Central African rain forest may have been modified by Bantu farmers - The State Column

The Central African rain forest may have been modified by Bantu farmers, according to a study published in the journal Science Thursday. While scientists continue to contend that climate change in Central Africa contributed to the transition from rain forest to savanna approximately 3000 years ago, the results of the study suggest that the migration of Bantu farmers across Central Africa also had a significant impact on the eventual disappearance of the Central African rain forest.

The team of researchers began their research by looking at the process of? chemical weathering. The team examined marine sediment samples from the Congo River. The researchers found that weathering patterns in Central Africa matched precipitation levels. However, the team found that approximately 3,000 years ago, the patterns of chemical weathering no longer matched precipitation levels.

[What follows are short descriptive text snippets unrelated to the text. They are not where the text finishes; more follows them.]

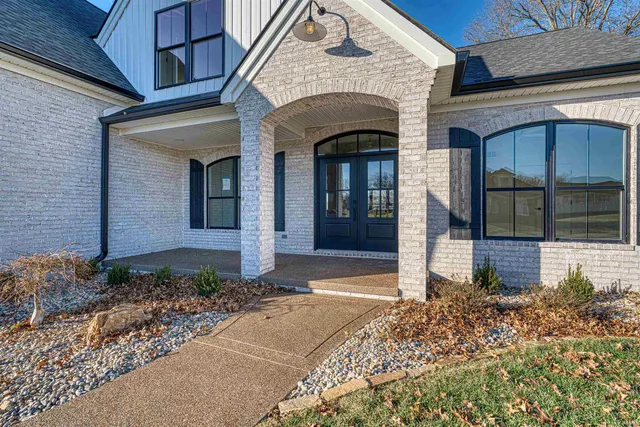 $849,000 | 8818 Jenkins Drive, Evansville, IN 47725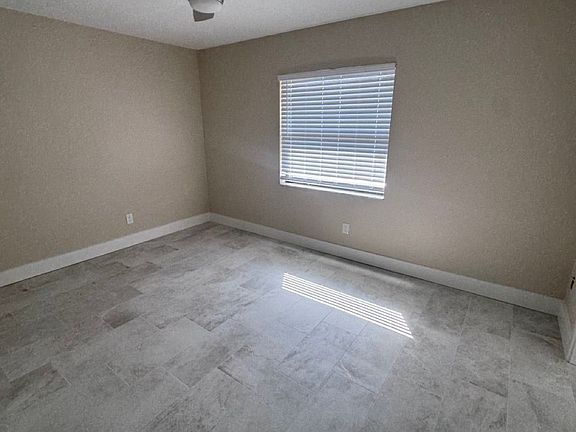 5th image of 539 E Curlew Pl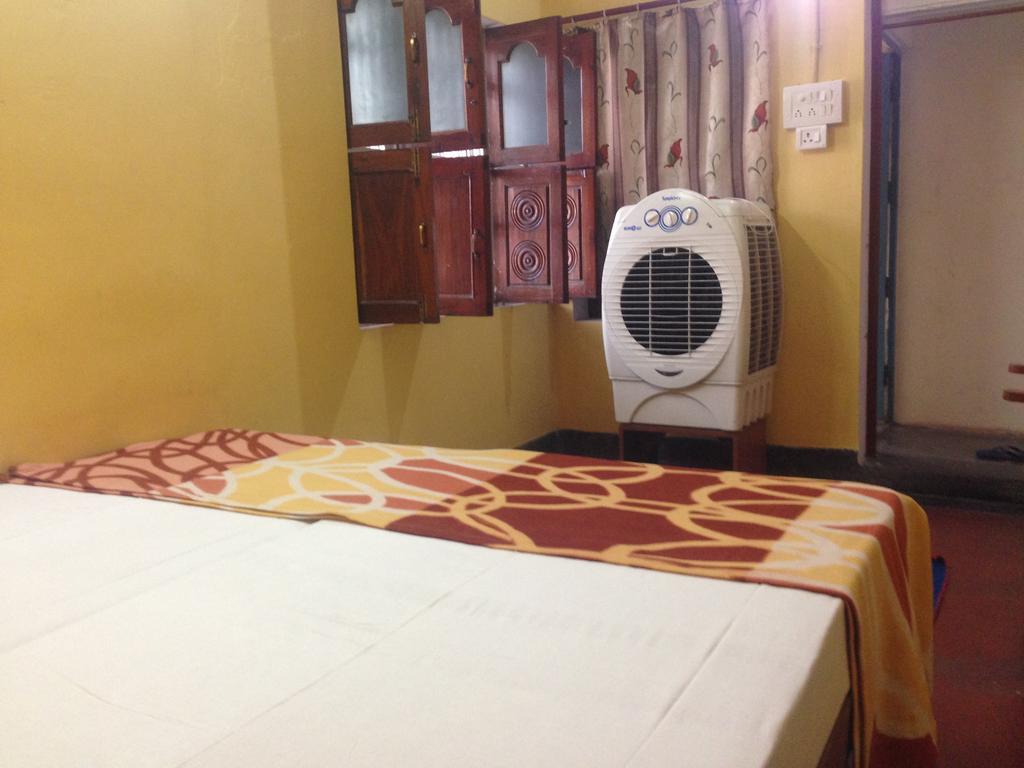 Paradise Inn Guest House Varanasi Oda fotoğraf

The team quickly realized that while climate change could not explain the mismatch between chemical weathering patterns and precipitation levels, the migration of Bantu farmers across Central Africa could. Historical records reveal that the Bantu people farmed in the region, cutting down large portions of the Central African forest in order to grow their crops. The researchers posit that human-land interaction changed the relationship between precipitation and chemical weathering patterns.

“When we first took a look at the results, we were puzzled,” said Germain Bayon, the study’s lead researcher and a geochemist at the French Research Institute for Exploitation of the Sea, according to The Los Angeles Times.

After a thorough examination of the results, Mr. Bayon came to a controversial conclusion.

“Climate did play an important role in the arrival of agriculture,” Mr. Bayon posited, according to ScienceNOW. “But what we show is that the impact of those people developing and introducing agriculture probably had a quite significant impact on soil erosion,” Mr. Bayon added.

Not everyone in the scientific community is supportive of the study’s conclusion, including Katharina Neumann, an archaeobotanist at Goethe University in Germany.

“I was a strong defender of this theory that everything was shaped by humans and humans destroy the environment and so on,” argued Ms. Neumann, who was not involved in the study. “But the archaeological and paleological data from other areas — not just the rain forest — show that the impact of humans was much lower than we thought,” Ms. Neumann added.

However, other members of the scientific community have cheered the study’s conclusion. “This article presents a very elegant study showing that early Bantu farmers did indeed have an impact on the environment,” said Terry Brncic, a paleoecologist at the University of Oxford in the United Kingdom and the coordinator of the Central Africa Forest Project for the World Resources Institute in the Democratic Republic of the Congo. “I’ve been waiting for years for this kind of evidence,” added Mr. Terry Brncic.